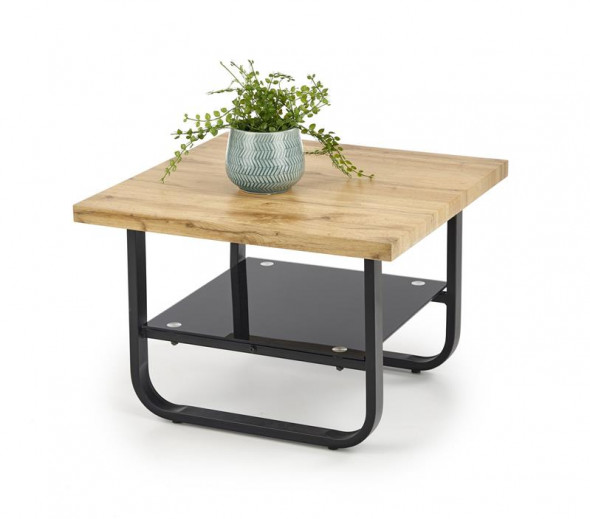 Ława ESPINOZA KWADRAT 65x65 dąb naturalny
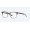 Costa Mariana Trench 200 Shiny Gray Fade Frame Clear Lense Eyeglasses Sunglasses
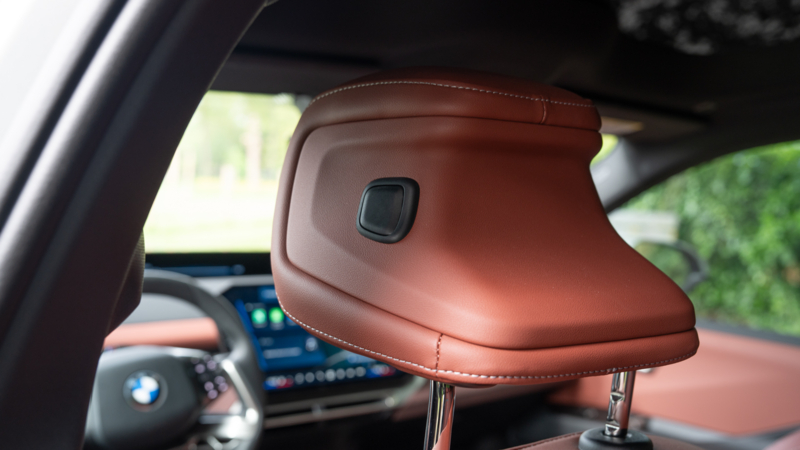 AutoZeelandtest van de BMW iX3 50 xDrive
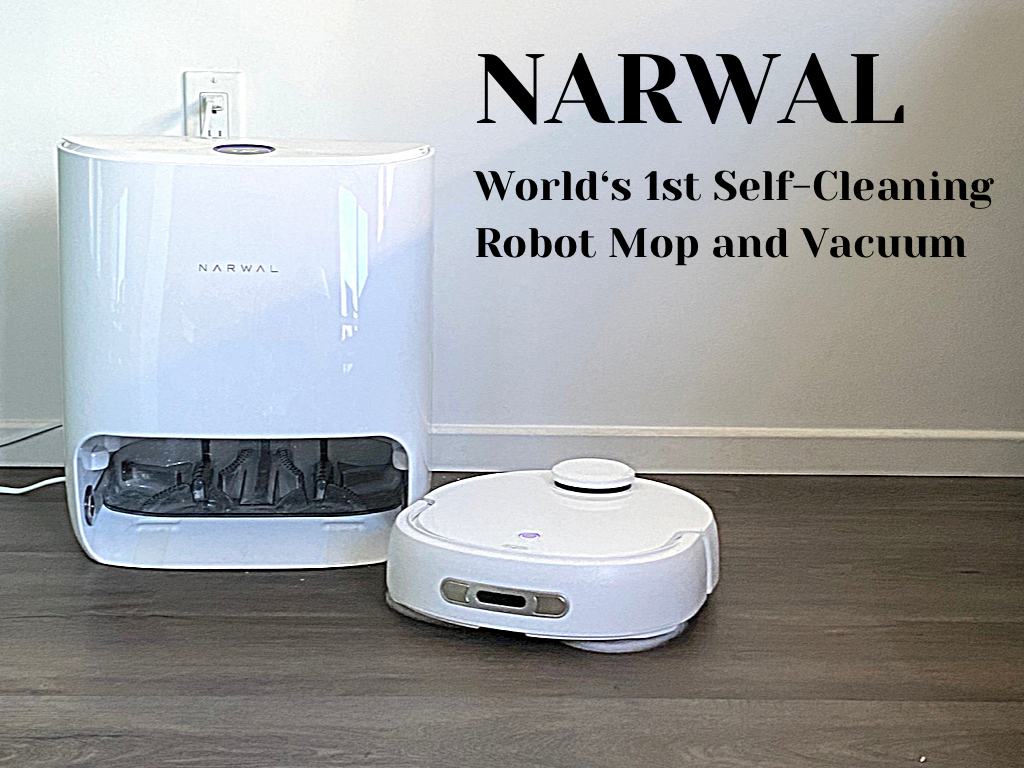 Narwal robot mop vacuum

» **Exercise description**
As you output the material, omit the pictures but alter nothing else.

» **Output of the task**
 Ława ESPINOZA KWADRAT 65x65 dąb naturalny
 Costa Mariana Trench 200 Shiny Gray Fade Frame Clear Lense Eyeglasses Sunglasses
 AutoZeelandtest van de BMW iX3 50 xDrive
 Narwal robot mop vacuum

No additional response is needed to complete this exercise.